WASHINGTON _ Former U.S. Ambassador to Ukraine Marie Yovanovitch took the stand Friday in the second day of public hearings for the House impeachment inquiry and testified that she believed her anti-corruption efforts in that country made her a target of dishonest Ukrainians who were opposed to reforms.
Yovanovitch said in her opening statement that she wasn't surprised they tried to get her removed but was shocked that they appear to have found allies in the Trump administration.
"What continues to amaze me is that they found Americans willing to partner with them, and working together, they apparently succeeded in orchestrating the removal of a U.S. ambassador," she said. "(I) do not understand Mr. Giuliani's motives for attacking me, nor can I offer an opinion on whether he believed the allegations he spread about me."
The career foreign service officer has been framed by Democrats as the first victim of President Donald Trump's scheme in Ukraine. She was recalled by Trump in May after a weeks-long campaign by former Ukrainian officials that was amplified by conservative media outlets, the president's personal attorney Rudolph W. Giuliani and the president's son Donald Trump Jr. The abrupt removal came just two months after Yovanovitch was asked by the State Department to stay on through 2020.
As she testified, Trump went on Twitter to defend his right to hire and fire ambassadors at will, and claimed without evidence "that everywhere Marie Yovanovitch went turned bad."
Rep. Adam B. Schiff (D-Calif.), chairman of the House Intelligence Committee, defended Yovanovitch's long, impressive record with the State Department and accused the president of trying to intimidate her and others who are cooperating with the inquiry.
"I want to let you know, ambassador, that some of us here take witness intimidation very, very seriously," Schiff said.
Democrats on the House Intelligence Committee are weighing whether to file articles of impeachment against the president after learning that for months he and allies worked to leverage $400 million in aid and a White House meeting to coerce new Ukrainian President Volodymyr Zelenskiy into publicly committing to begin investigations into the 2016 election and a natural gas company that employed the son of a potential 2020 Trump rival, former Vice President Joe Biden. The inquiry continues next week with three days of public hearings.
The inquiry began with a whistleblower complaint that raised concerns about the content of a July 25 phone call between Trump and Zelenskiy, but Democrats have seized on a broader narrative that Trump and Giuliani worked on foreign policy outside the normal, established boundaries in order to benefit the president politically.
"She's really witness to, and kind of the victim of, the first chapter" of the plan, said an official working on the impeachment inquiry who was not authorized to speak publicly.
Yovanovitch and other State Department witnesses told representatives in closed-door depositions that the envoy, who has served under both parties and was known for her anti-corruption efforts in post-Soviet countries, was seen as a hindrance to that plan and was driven out through a concentrated effort to convince Trump and conservatives that she favored Democrat Hillary Clinton in the 2016 presidential election.

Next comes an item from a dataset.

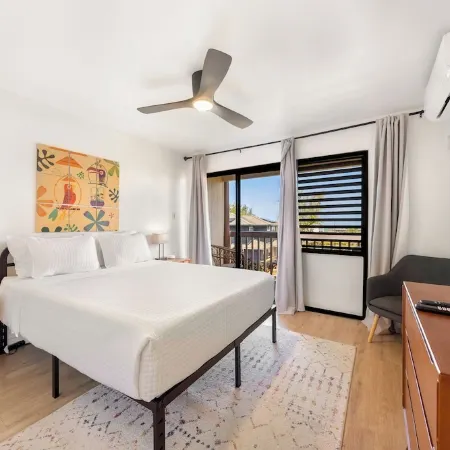 Family Condo with Queen Beds & Ocean Views from 3 Lanais!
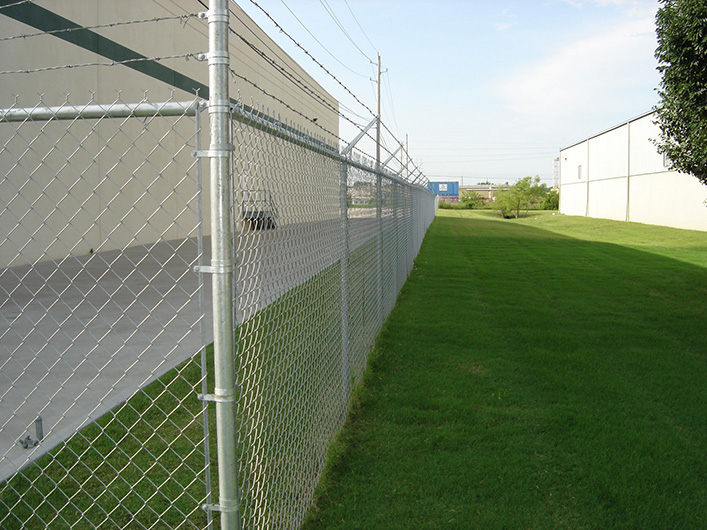 How Long Do Vinyl Fences Last? - Pacific Fence & Wire Co.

Transcripts of depositions show several others have testified that the accusations against Yovanovitch have no basis in fact, and that a former Ukrainian prosecutor bragged about lying about the diplomat to an American journalist, who published several articles about Yovanovitch in March 2019 that were quickly picked up by conservative media personalities including Sean Hannity and Laura Ingraham. The State Department declined to defend Yovanovitch despite pleas from embassy employees, other witnesses have said.
Rep. Eric Swalwell (D-Calif.), a member of the Intelligence Committee, said before the testimony that while the president has the right to hire and fire federal employees, Yovanovitch "was fired to clear the decks for the president's corrupt scheme to play out."
"Yes, it's humiliating that he smeared her, that others were smearing her and that she lost her job in Ukraine because of it. But this is bigger than her," Swalwell said. "Are presidents allowed to use ambassadors or move ambassadors so that they can corruptly benefit from it?"
Just as the hearing was beginning, the White House released a summary memo of an April call in which Trump congratulated Zelenskiy for winning the Ukrainian election. It was unclear whether the account is a complete transcript. It does not include talk about corruption in Ukraine, something specifically highlighted in the White House readout of the call released in April.
Ahead of Yovanovitch's testimony, Trump ally Rep. Mark Meadows (R-N.C.) dismissed it as a sideshow, saying she was recalled to Washington in May, months ahead of the July 25 phone call between Trump and Zelenskiy.
"She was not there during the relevant time that this whole impeachment inquiry is to address. She was gone. And so, this is a sidebar meant to have a different narrative that has nothing to do with the potential impeachable offenses," Meadows said.
He said Democrats are putting Giuliani front and center on purpose.
"They believe by impeaching Giuliani they can impeach the president," Meadows said. "That's a harder sell on Main Street."